In the mouths of some surrogacy supporters, surrogacy often becomes a win-win deal in which “the person who loves the child gets the child and the surrogate mother improves her Life“. As some surrogate mothers say, they need money to support their families, but in reality, it is feared that there are other people in the womb rental industry chain who are getting rich off of their wombs.

In Ukraine, known as the “baby factory,” surrogate mothers may be promised up to $20,000, but the reality is that surrogacy agencies are showing their greedy faces. In addition to withholding daily medical resources, some surrogate mothers have even been paid as little as $350 (about 2265 RMB), which is less than 1% of what surrogacy agencies charge their buyers.

It has also been reported that some surrogacy agencies promise to pay surrogate mothers in stages, but in practice, the agencies set various strict requirements for the surrogate mothers, and if they do not comply, they do not get a single penny. If the result is not to the buyer’s liking, the agency will also treat them more harshly.

As the upper end of the surrogacy market, the U.S. has a higher level of medical services and fees, but that doesn’t mean it’s a “win-win” situation for surrogate mothers. In the cases reported by the New York Times, surrogate mothers were paid more than in places like Ukraine, but they were paid at most 13 percent of the international surrogacy price of at least $150,000 or more.

For even prettier sales, some surrogacy agencies have even envisioned globalization models to further squeeze profit margins. According to the Guardian, when there were just rumors of a ban on international surrogacy in India, some agencies tried to get around regulations by running surrogacy businesses in different regions or using legal means to transfer surrogate mothers between destinations.

In one business plan, for example, future surrogate mothers would be bounced between low-income countries, conceived by embryo transfer in India and later delivered in Africa, to maximize the value of their fertility. The program is ambitiously described by its planners as “creating the world of tomorrow.

But no amount of rhetoric can conceal the endless exploitation of poor women by capital. Ukrainian law has reported that the surrogacy market generates $1.5 billion annually, and the huge amount of money and financial gain has led to resistance to regulating the surrogacy industry. Surrogacy agencies appear to celebrate the love of surrogate mothers and sympathize with their destitute situation, but in reality they use their wombs for a small sweetener to pave their own path to wealth and freedom.

In this situation, if a surrogate mother feels she can only change something by renting out her womb, is she doing it voluntarily? Or is she being coerced by capital to fall into a honey-coated trap?
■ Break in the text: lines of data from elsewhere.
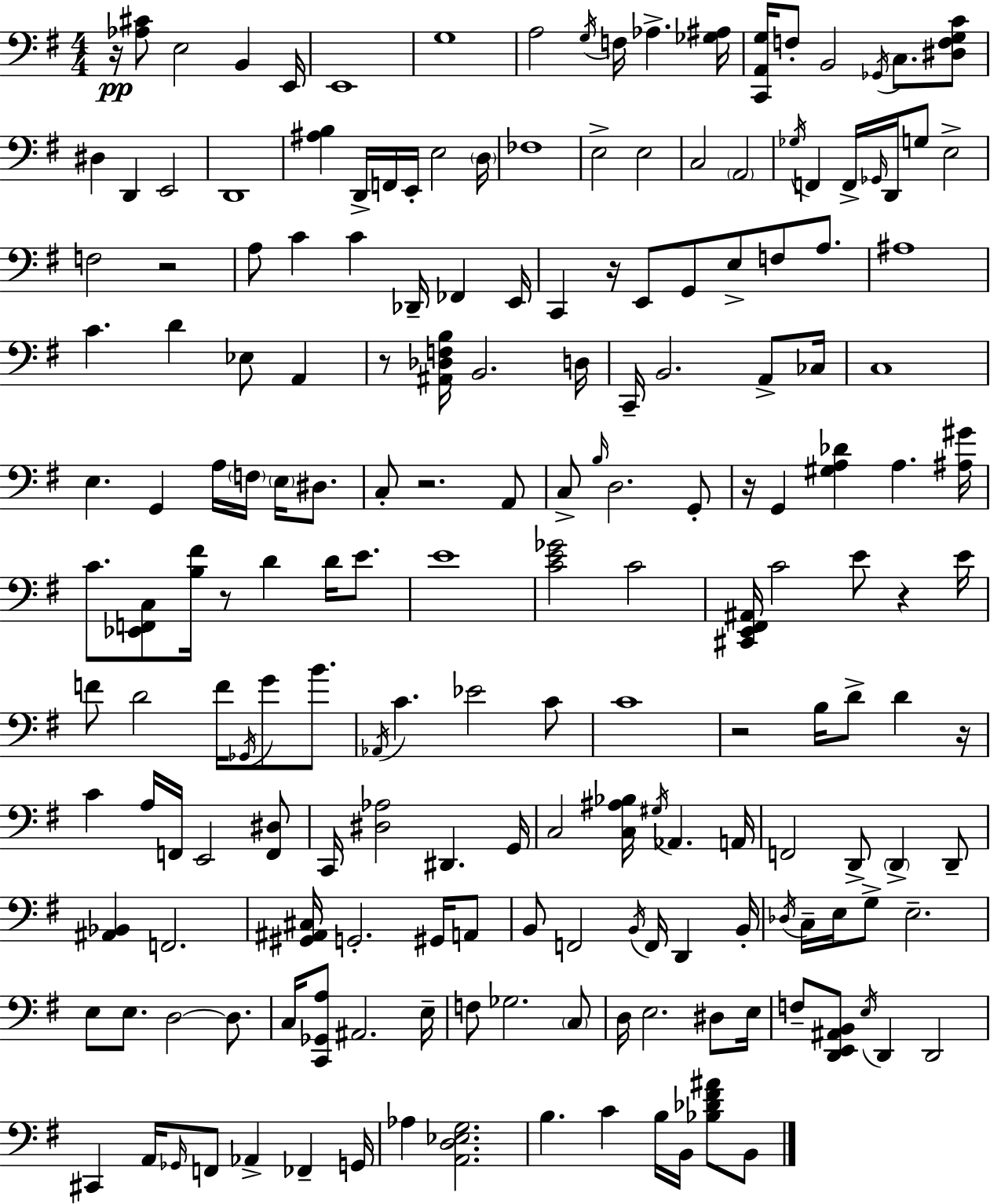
X:1
T:Untitled
M:4/4
L:1/4
K:G
z/4 [_A,^C]/2 E,2 B,, E,,/4 E,,4 G,4 A,2 G,/4 F,/4 _A, [_G,^A,]/4 [C,,A,,G,]/4 F,/2 B,,2 _G,,/4 C,/2 [^D,F,G,C]/2 ^D, D,, E,,2 D,,4 [^A,B,] D,,/4 F,,/4 E,,/4 E,2 D,/4 _F,4 E,2 E,2 C,2 A,,2 _G,/4 F,, F,,/4 _G,,/4 D,,/4 G,/2 E,2 F,2 z2 A,/2 C C _D,,/4 _F,, E,,/4 C,, z/4 E,,/2 G,,/2 E,/2 F,/2 A,/2 ^A,4 C D _E,/2 A,, z/2 [^A,,_D,F,B,]/4 B,,2 D,/4 C,,/4 B,,2 A,,/2 _C,/4 C,4 E, G,, A,/4 F,/4 E,/4 ^D,/2 C,/2 z2 A,,/2 C,/2 B,/4 D,2 G,,/2 z/4 G,, [^G,A,_D] A, [^A,^G]/4 C/2 [_E,,F,,C,]/2 [B,^F]/4 z/2 D D/4 E/2 E4 [CE_G]2 C2 [^C,,E,,^F,,^A,,]/4 C2 E/2 z E/4 F/2 D2 F/4 _G,,/4 G/2 B/2 _A,,/4 C _E2 C/2 C4 z2 B,/4 D/2 D z/4 C A,/4 F,,/4 E,,2 [F,,^D,]/2 C,,/4 [^D,_A,]2 ^D,, G,,/4 C,2 [C,^A,_B,]/4 ^G,/4 _A,, A,,/4 F,,2 D,,/2 D,, D,,/2 [^A,,_B,,] F,,2 [^G,,^A,,^C,]/4 G,,2 ^G,,/4 A,,/2 B,,/2 F,,2 B,,/4 F,,/4 D,, B,,/4 _D,/4 C,/4 E,/4 G,/2 E,2 E,/2 E,/2 D,2 D,/2 C,/4 [C,,_G,,A,]/2 ^A,,2 E,/4 F,/2 _G,2 C,/2 D,/4 E,2 ^D,/2 E,/4 F,/2 [D,,E,,^A,,B,,]/2 E,/4 D,, D,,2 ^C,, A,,/4 _G,,/4 F,,/2 _A,, _F,, G,,/4 _A, [A,,D,_E,G,]2 B, C B,/4 B,,/4 [_B,_D^F^A]/2 B,,/2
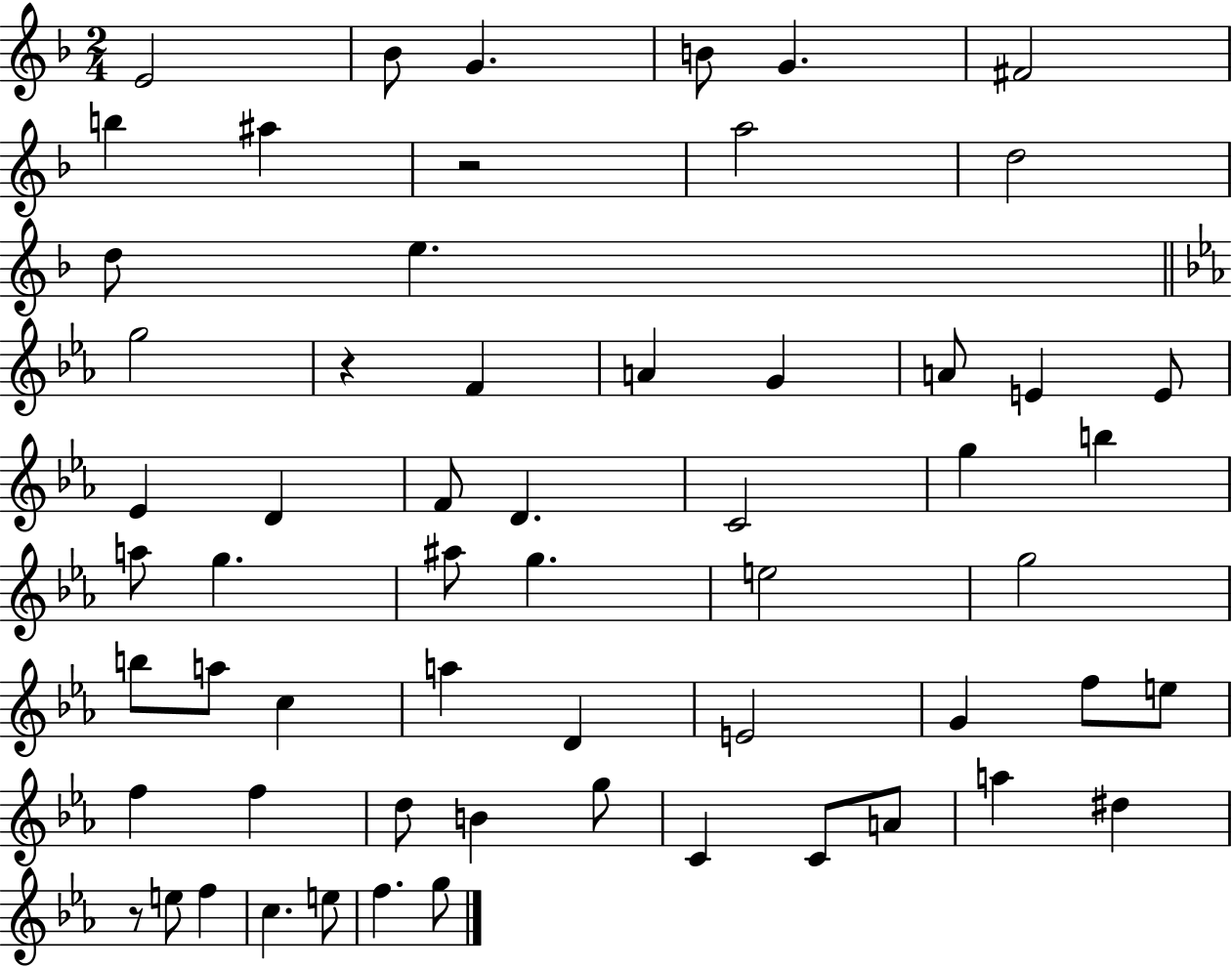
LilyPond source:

{
  \clef treble
  \numericTimeSignature
  \time 2/4
  \key f \major
  e'2 | bes'8 g'4. | b'8 g'4. | fis'2 | \break b''4 ais''4 | r2 | a''2 | d''2 | \break d''8 e''4. | \bar "||" \break \key ees \major g''2 | r4 f'4 | a'4 g'4 | a'8 e'4 e'8 | \break ees'4 d'4 | f'8 d'4. | c'2 | g''4 b''4 | \break a''8 g''4. | ais''8 g''4. | e''2 | g''2 | \break b''8 a''8 c''4 | a''4 d'4 | e'2 | g'4 f''8 e''8 | \break f''4 f''4 | d''8 b'4 g''8 | c'4 c'8 a'8 | a''4 dis''4 | \break r8 e''8 f''4 | c''4. e''8 | f''4. g''8 | \bar "|."
}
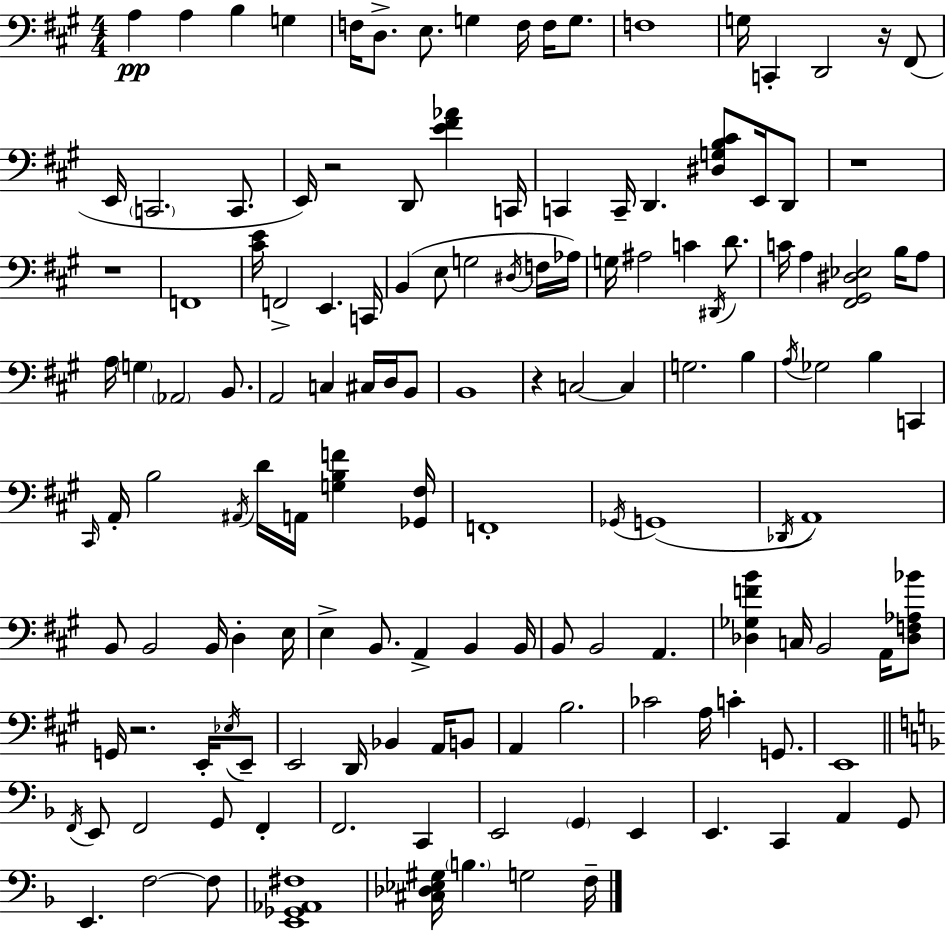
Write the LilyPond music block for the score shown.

{
  \clef bass
  \numericTimeSignature
  \time 4/4
  \key a \major
  a4\pp a4 b4 g4 | f16 d8.-> e8. g4 f16 f16 g8. | f1 | g16 c,4-. d,2 r16 fis,8( | \break e,16 \parenthesize c,2. c,8. | e,16) r2 d,8 <e' fis' aes'>4 c,16 | c,4 c,16-- d,4. <dis g b cis'>8 e,16 d,8 | r1 | \break r1 | f,1 | <cis' e'>16 f,2-> e,4. c,16 | b,4( e8 g2 \acciaccatura { dis16 } f16 | \break aes16) g16 ais2 c'4 \acciaccatura { dis,16 } d'8. | c'16 a4 <fis, gis, dis ees>2 b16 | a8 a16 \parenthesize g4 \parenthesize aes,2 b,8. | a,2 c4 cis16 d16 | \break b,8 b,1 | r4 c2~~ c4 | g2. b4 | \acciaccatura { a16 } ges2 b4 c,4 | \break \grace { cis,16 } a,16-. b2 \acciaccatura { ais,16 } d'16 a,16 | <g b f'>4 <ges, fis>16 f,1-. | \acciaccatura { ges,16 }( g,1 | \acciaccatura { des,16 } a,1) | \break b,8 b,2 | b,16 d4-. e16 e4-> b,8. a,4-> | b,4 b,16 b,8 b,2 | a,4. <des ges f' b'>4 c16 b,2 | \break a,16 <des f aes bes'>8 g,16 r2. | e,16-. \acciaccatura { ees16 } e,8-- e,2 | d,16 bes,4 a,16 b,8 a,4 b2. | ces'2 | \break a16 c'4-. g,8. e,1 | \bar "||" \break \key d \minor \acciaccatura { f,16 } e,8 f,2 g,8 f,4-. | f,2. c,4 | e,2 \parenthesize g,4 e,4 | e,4. c,4 a,4 g,8 | \break e,4. f2~~ f8 | <e, ges, aes, fis>1 | <cis des ees gis>16 \parenthesize b4. g2 | f16-- \bar "|."
}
Now the syphilis surrogate mother and Zheng Shuang surrogate abandonment incident have once again exposed the bloody side of the surrogacy industry to the public. No matter how beautiful the whitewash is, baby factories are treating people as commodities and keep creating a tragedy of human nature.

Surrogacy has always been explicitly banned in China, but various egg sales and surrogacy agencies are still around, so public opinion has called for greater punishment of surrogacy-related industries in addition to the explicit ban. Some well-known overseas surrogacy countries, such as India, Thailand and Nepal, introduced regulations to ban commercial surrogacy around 2015. In addition to strict laws, it is the duty of a healthy society to help the poor rather than persuade them to sell their bodies.